> _Description of the task_: Find the line below with "Trump Vows to". Print it and every line after it exactly, through the last line, leaving out the pictures.

Source data:
[Start of section]

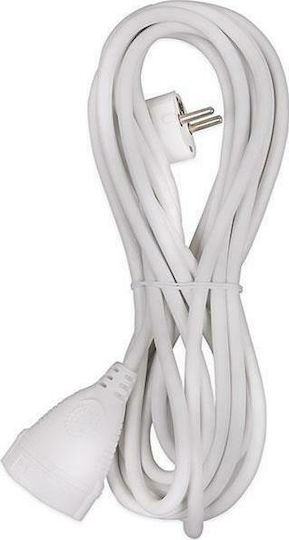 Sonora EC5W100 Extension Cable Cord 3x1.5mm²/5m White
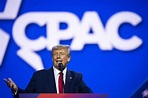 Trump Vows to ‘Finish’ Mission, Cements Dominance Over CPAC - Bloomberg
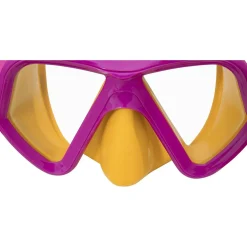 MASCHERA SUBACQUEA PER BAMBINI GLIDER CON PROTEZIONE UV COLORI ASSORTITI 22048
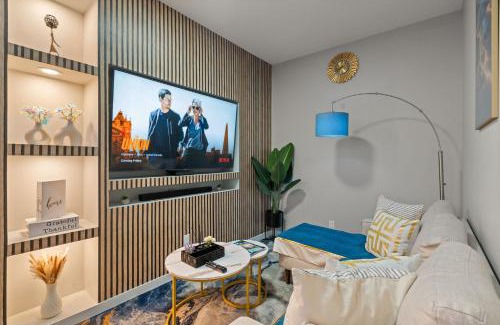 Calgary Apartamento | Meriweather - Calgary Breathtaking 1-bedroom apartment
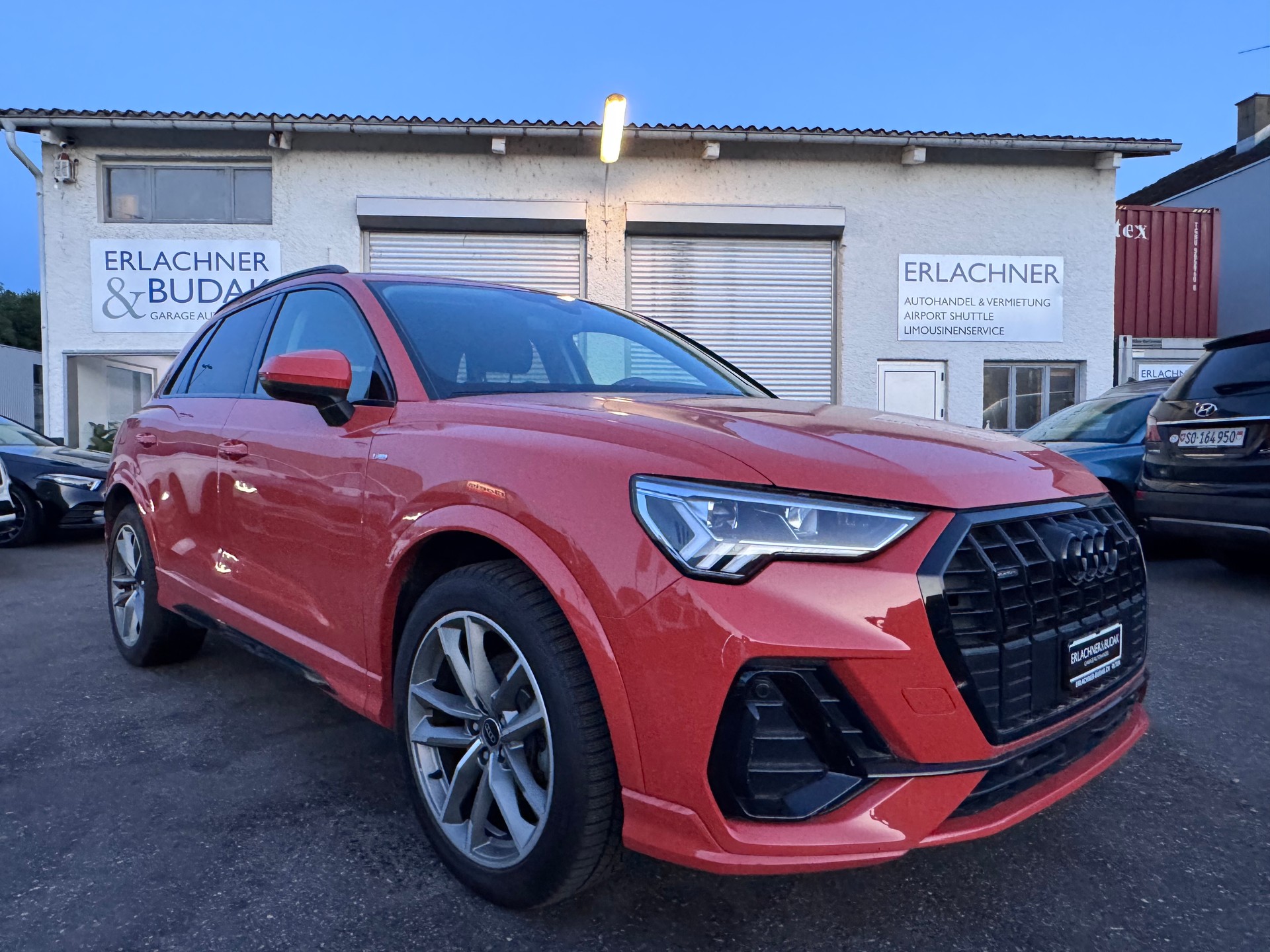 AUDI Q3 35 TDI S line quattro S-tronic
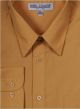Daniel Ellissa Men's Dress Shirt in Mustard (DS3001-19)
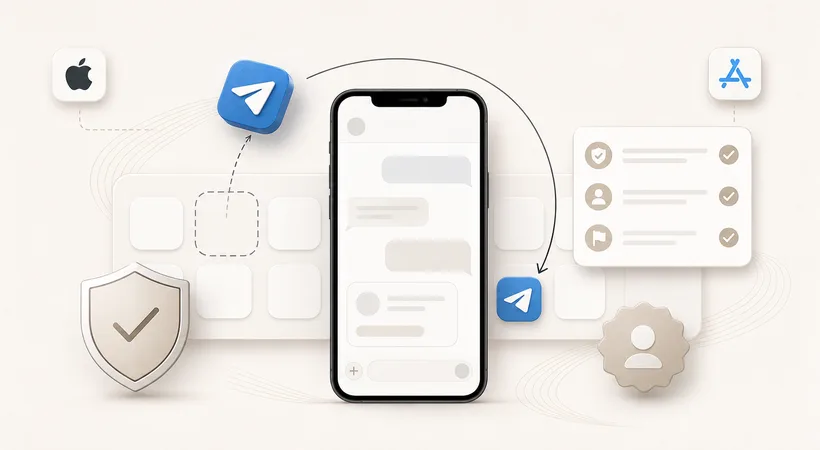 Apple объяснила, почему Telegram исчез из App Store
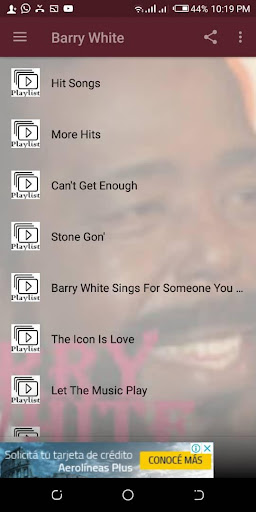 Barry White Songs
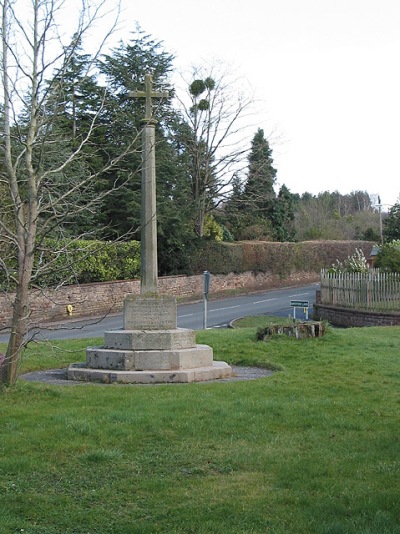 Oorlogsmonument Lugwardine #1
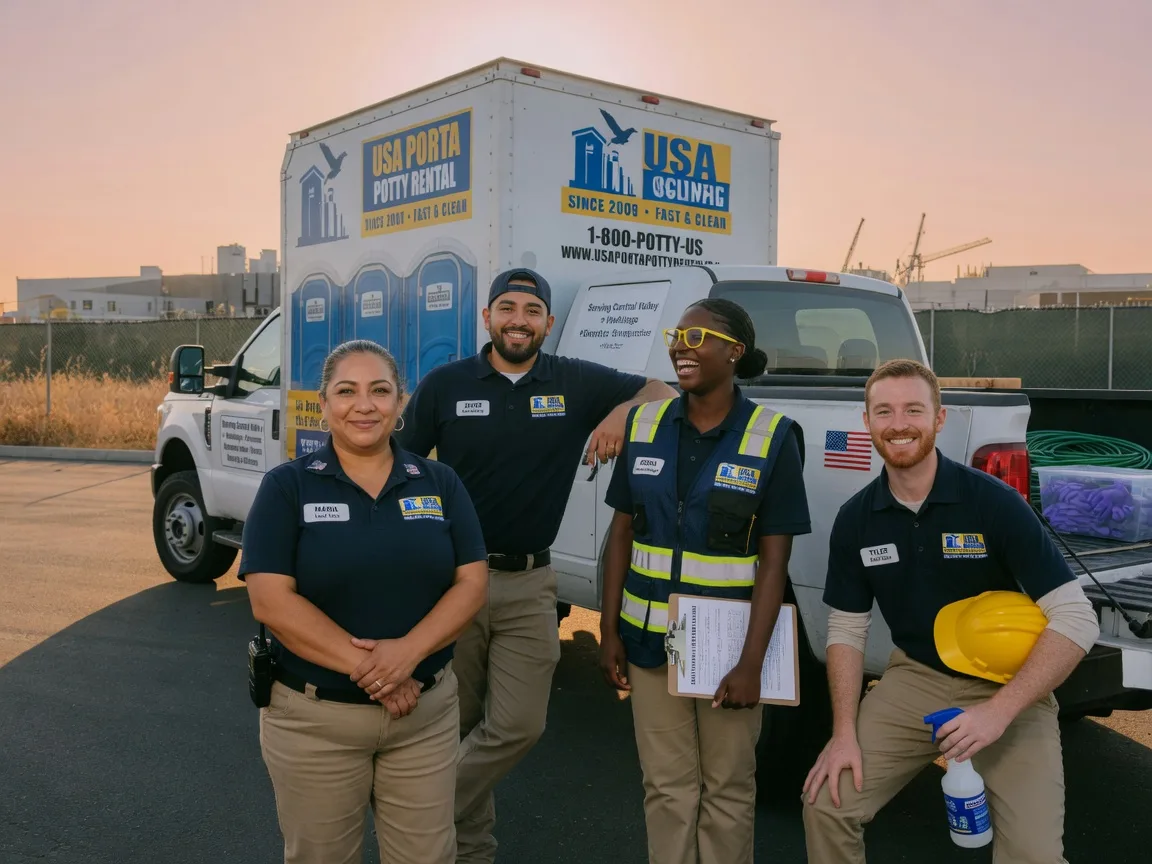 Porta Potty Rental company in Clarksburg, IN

[End of section]

> _Finished exercise_:
 Trump Vows to ‘Finish’ Mission, Cements Dominance Over CPAC - Bloomberg
 MASCHERA SUBACQUEA PER BAMBINI GLIDER CON PROTEZIONE UV COLORI ASSORTITI 22048
 Calgary Apartamento | Meriweather - Calgary Breathtaking 1-bedroom apartment
 AUDI Q3 35 TDI S line quattro S-tronic
Daniel Ellissa Men's Dress Shirt in Mustard (DS3001-19)
 Apple объяснила, почему Telegram исчез из App Store
 Barry White Songs
 Oorlogsmonument Lugwardine #1
 Porta Potty Rental company in Clarksburg, IN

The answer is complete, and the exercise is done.